Sleep disorders are on the rise in the United States, with more that 40 million Americans living with chronic, “long-term sleep disorders,” according to the Anxiety and Depression Association of America. It is no surprise, then, that many—some disturbing—actions and experiences while asleep are cropping up as well. Are you familiar with any of the things on this list?
– Sleep texting:
Dr. Kirstie Anderson, who runs the Neurology Sleep Service for the Newcastle Upon Tyne NHS Foundation Trust contends that more and more people are self-reporting sending text messages while asleep. According to BusinessWeek.com, there are 8 trillion text messages sent each year. Dr. Anderson says, “It is very common for people to do things in their sleep that they do repeatedly during the day.” Considering many of us keep our cell phones within arms reach while dozing off for the night, perhaps this is not a surprise. It is currently unclear what exactly is happening in our brains while we complete the action, because it is not often replicated while people are in controlled environments (such as a sleep clinic).
– Sleep eating:
Nocturnal Eating Syndrome is used to describe serious cases of sleep eating. But most times, this startling experience is not terribly detrimental to one’s life—albeit confusing. Those that have done it may have little to no memory of eating that piece of cake in the refrigerator. Dr. Anderson said of sleep eating, “Sleepwalkers will often do simple things that make some kind of sense, like eat when having gone to bed hungry or dieting during the day.” However, it can certainly become an issue if the person is frequently consuming a lot of food while asleep—which can lead to other health problems.

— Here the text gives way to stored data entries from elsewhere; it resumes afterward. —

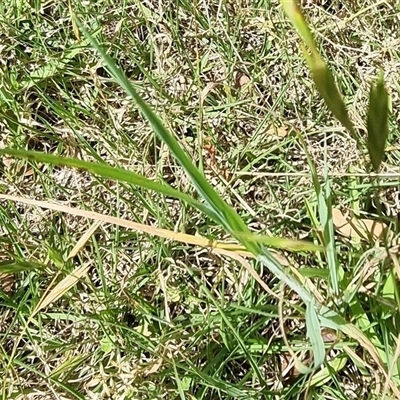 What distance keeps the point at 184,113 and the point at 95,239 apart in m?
0.36

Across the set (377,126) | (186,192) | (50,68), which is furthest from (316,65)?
(50,68)

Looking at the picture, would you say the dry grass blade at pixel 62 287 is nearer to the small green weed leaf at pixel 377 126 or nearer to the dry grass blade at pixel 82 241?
the dry grass blade at pixel 82 241

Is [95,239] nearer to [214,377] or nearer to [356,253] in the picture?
[214,377]

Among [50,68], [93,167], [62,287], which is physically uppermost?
[93,167]

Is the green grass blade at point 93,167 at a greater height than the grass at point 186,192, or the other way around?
the green grass blade at point 93,167

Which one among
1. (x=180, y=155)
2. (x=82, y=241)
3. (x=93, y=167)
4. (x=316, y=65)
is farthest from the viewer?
(x=82, y=241)

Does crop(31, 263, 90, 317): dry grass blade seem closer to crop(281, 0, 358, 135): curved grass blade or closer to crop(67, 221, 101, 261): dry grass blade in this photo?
crop(67, 221, 101, 261): dry grass blade

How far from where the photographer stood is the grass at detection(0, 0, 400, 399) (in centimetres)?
128

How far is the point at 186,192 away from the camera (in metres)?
1.45

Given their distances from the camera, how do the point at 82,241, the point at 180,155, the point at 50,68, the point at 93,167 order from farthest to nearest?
the point at 50,68 < the point at 82,241 < the point at 180,155 < the point at 93,167

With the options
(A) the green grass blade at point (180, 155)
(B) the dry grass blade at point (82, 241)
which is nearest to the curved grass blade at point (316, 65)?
(A) the green grass blade at point (180, 155)

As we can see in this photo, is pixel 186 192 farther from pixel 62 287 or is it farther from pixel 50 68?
pixel 50 68

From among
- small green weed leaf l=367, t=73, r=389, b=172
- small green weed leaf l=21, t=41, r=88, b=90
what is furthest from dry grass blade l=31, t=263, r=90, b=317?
small green weed leaf l=367, t=73, r=389, b=172

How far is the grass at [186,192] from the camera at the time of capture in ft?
4.20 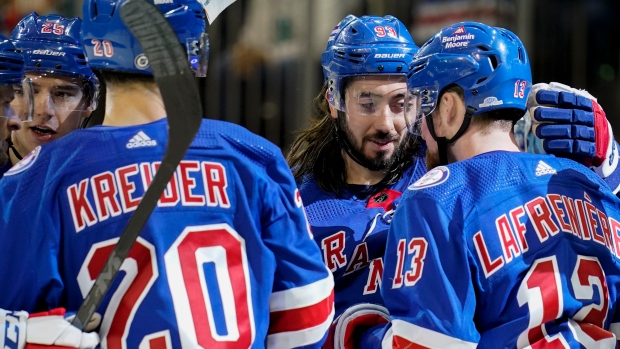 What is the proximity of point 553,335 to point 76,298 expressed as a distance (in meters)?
1.02

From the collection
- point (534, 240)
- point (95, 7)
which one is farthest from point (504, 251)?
point (95, 7)

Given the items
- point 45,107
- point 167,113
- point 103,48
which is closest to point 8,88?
point 45,107

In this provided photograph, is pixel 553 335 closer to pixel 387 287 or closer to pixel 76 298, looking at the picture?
pixel 387 287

– Exploding head syndrome:
From what sounds like a bomb exploding, to thunder or lighting, Exploding Head Syndrome occurs when an individual is suddenly awakened by a loud noise—seemingly with no cause for it. While it is rare, the disorder dates all the way back to 1920, when Robert Armstrong-Jones wrote on the subject. “People hear a really loud bang or explosion as they are drifting off to sleep, and then work out that it can’t be external as no-one else heard it. Sometimes people get bright flashes of light,” says Dr. Anderson. While the episodes are scary, they are not detrimental to the person experiencing it. Unless, it occurs frequently, which can cause the person to develop anxiety surrounding going to sleep.